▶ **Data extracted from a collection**
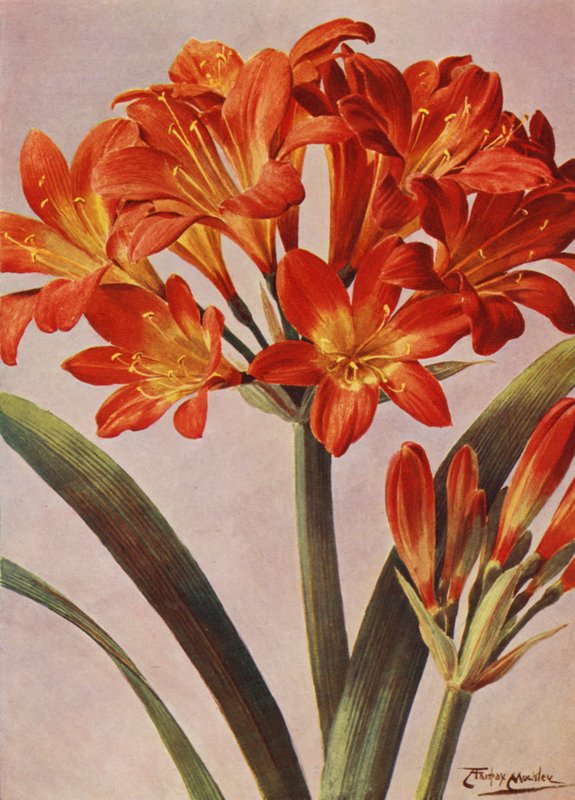 Clivia Miniata, joka tunnettiin pitkään nimellä Imantophyllum Miniatum (värilitho). tekijältä Angelo Fairfax Muckley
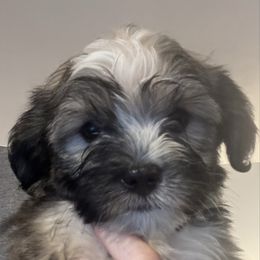 Boy 1 - Silver sable male Havanese puppy in Walpole, Massachusetts from Golden Glen Havanese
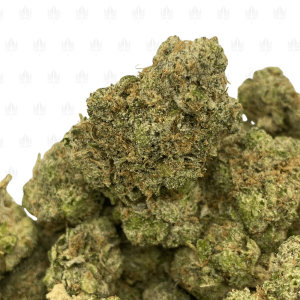 6324 Outlaw Bubba (2)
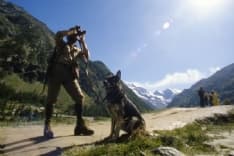 PARCO GRAN PARADISO - I cani dei guardaparco protagonisti su Rai Uno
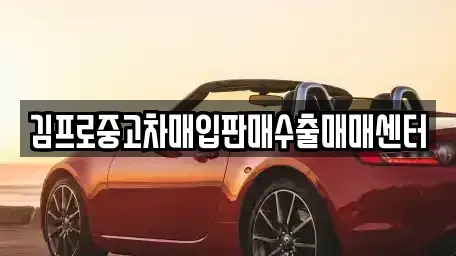 경남 김해시 주촌면 중고차 전문 김프로중고차매입판매수출매매센터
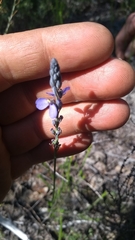 Comesperma defoliatum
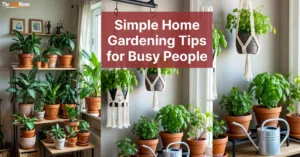 Indoor home garden with potted plants and hanging planters near a window, showing simple home gardening tips for busy people.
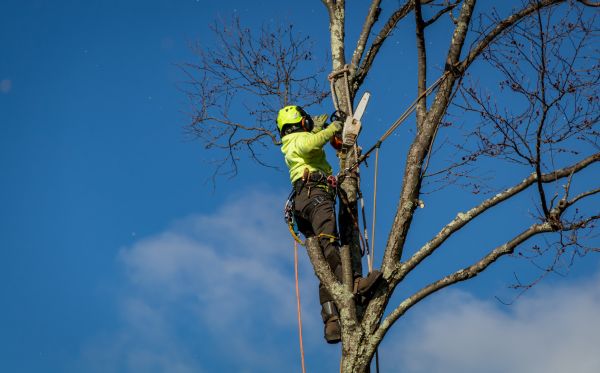Lawrence Tree Removal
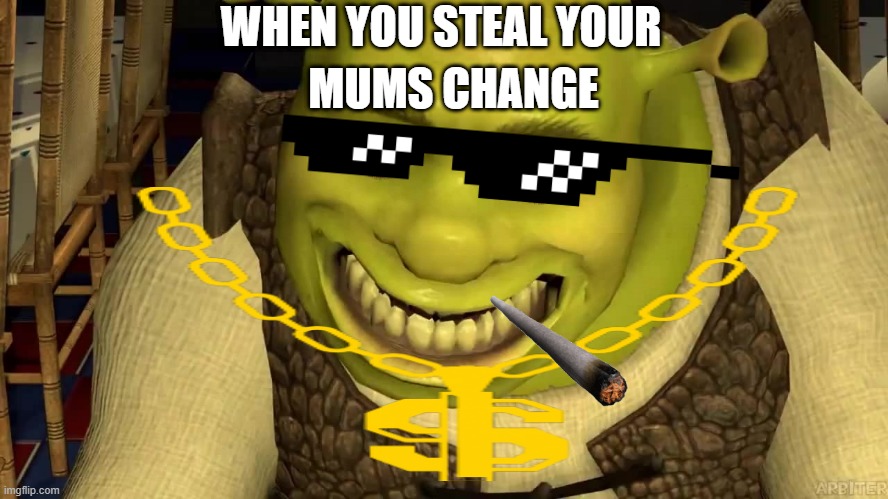 Very Nice Shrek!! | WHEN YOU STEAL YOUR; MUMS CHANGE | image tagged in shrek,cool,thug life,funny,memes,funny memes | made w/ Imgflip meme maker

▶ **Task to complete**
Give all entries again verbatim, without any images.

▶ **Written response**
 Clivia Miniata, joka tunnettiin pitkään nimellä Imantophyllum Miniatum (värilitho). tekijältä Angelo Fairfax Muckley
 Boy 1 - Silver sable male Havanese puppy in Walpole, Massachusetts from Golden Glen Havanese
 6324 Outlaw Bubba (2)
 PARCO GRAN PARADISO - I cani dei guardaparco protagonisti su Rai Uno
 경남 김해시 주촌면 중고차 전문 김프로중고차매입판매수출매매센터
 Comesperma defoliatum
 Indoor home garden with potted plants and hanging planters near a window, showing simple home gardening tips for busy people.
Lawrence Tree Removal
 Very Nice Shrek!! | WHEN YOU STEAL YOUR; MUMS CHANGE | image tagged in shrek,cool,thug life,funny,memes,funny memes | made w/ Imgflip meme maker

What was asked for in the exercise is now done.